Reading and Writing Files in Python

Intermediate 10 min read

What you'll learn

✓How open and the with statement work together
✓The full set of file modes and when to use each
✓Idiomatic ways to read text line by line and all at once
✓How to write and append safely
✓Working with paths using pathlib
✓Reading and writing binary files and JSON

Prerequisites

•Comfortable with for loops — see For Loops
•Comfortable with error handling — see Error Handling

Almost every useful program reads or writes something — configuration, logs, data files, CSVs, JSON, or images. Python’s file handling is short on ceremony and long on convention. Learn the half-dozen patterns in this post and you will handle the vast majority of file work cleanly.

`open` and the `with` statement

open(path, mode) returns a file object. The simplest usage:

f = open("notes.txt")
contents = f.read()
f.close()

This works but is fragile: if read() raises, close() never runs. The idiomatic form is the with statement, which closes the file automatically when the block ends — even on exceptions:

with open("notes.txt") as f:
    contents = f.read()

Always use with for file I/O. There is no good reason not to.

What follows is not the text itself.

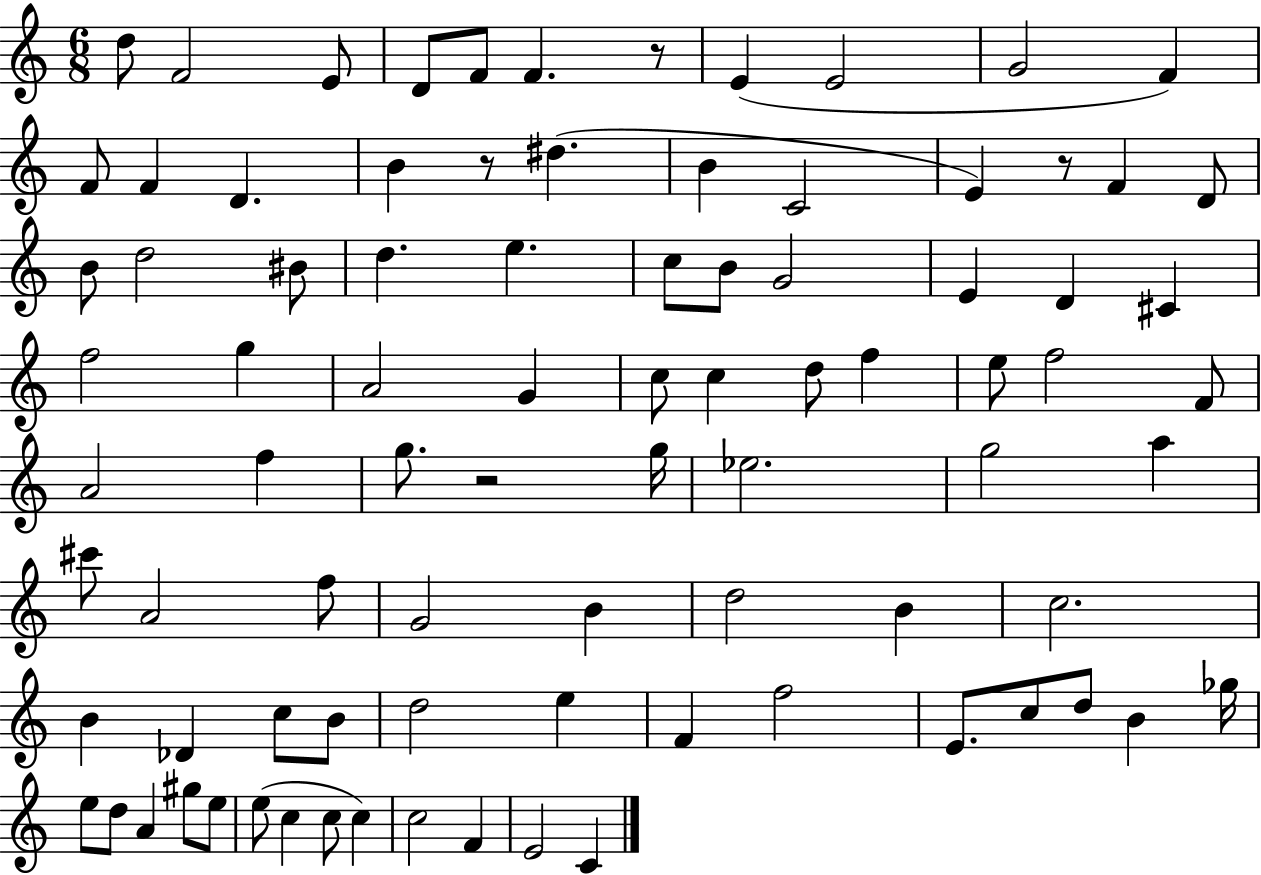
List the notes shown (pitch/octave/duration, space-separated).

D5/e F4/h E4/e D4/e F4/e F4/q. R/e E4/q E4/h G4/h F4/q F4/e F4/q D4/q. B4/q R/e D#5/q. B4/q C4/h E4/q R/e F4/q D4/e B4/e D5/h BIS4/e D5/q. E5/q. C5/e B4/e G4/h E4/q D4/q C#4/q F5/h G5/q A4/h G4/q C5/e C5/q D5/e F5/q E5/e F5/h F4/e A4/h F5/q G5/e. R/h G5/s Eb5/h. G5/h A5/q C#6/e A4/h F5/e G4/h B4/q D5/h B4/q C5/h. B4/q Db4/q C5/e B4/e D5/h E5/q F4/q F5/h E4/e. C5/e D5/e B4/q Gb5/s E5/e D5/e A4/q G#5/e E5/e E5/e C5/q C5/e C5/q C5/h F4/q E4/h C4/q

You can also open multiple files in one with:

with open("input.txt") as src, open("output.txt", "w") as dst:
    dst.write(src.read())

File modes

The mode string controls how the file is opened. The main characters:

Mode	Meaning
`r`	Read (default). File must exist.
`w`	Write. Creates or truncates the file.
`a`	Append. Creates if missing.
`x`	Exclusive create. Fails if file exists.
`b`	Binary mode (combine with another).
`t`	Text mode (default, combine with another).
`+`	Read and write.

The most common combinations are "r", "w", "a", "rb", and "wb".

Always specify the encoding when working with text. The default is usually UTF-8 but is platform-dependent:

with open("notes.txt", "r", encoding="utf-8") as f:
    ...

Specifying encoding="utf-8" explicitly makes your code portable.

Reading text

A text file object is iterable. The cleanest way to read line by line is to iterate directly:

with open("notes.txt", encoding="utf-8") as f:
    for line in f:
        print(line.rstrip())

Each line includes its trailing newline; rstrip() removes it. Iterating reads one line at a time, so this works for huge files.

To read the whole file at once:

with open("notes.txt", encoding="utf-8") as f:
    text = f.read()

Use read() only when you actually need the whole content in memory. For multi-gigabyte files, iterate line by line instead.

To read all lines into a list:

with open("notes.txt", encoding="utf-8") as f:
    lines = f.readlines()

Equivalent to list(f). Lines still include their trailing newlines.

Writing text

"w" mode truncates the file (or creates it). "a" appends. In both cases, write does not add a newline — you do:

with open("output.txt", "w", encoding="utf-8") as f:
    f.write("first line\n")
    f.write("second line\n")

For many lines, writelines takes any iterable of strings (and still does not add newlines):

lines = ["first\n", "second\n", "third\n"]
with open("output.txt", "w", encoding="utf-8") as f:
    f.writelines(lines)

Or use print with a file= argument, which does add the newline for you:

with open("output.txt", "w", encoding="utf-8") as f:
    for line in ["first", "second", "third"]:
        print(line, file=f)

I find print(..., file=f) the most readable for one-line-per-record output.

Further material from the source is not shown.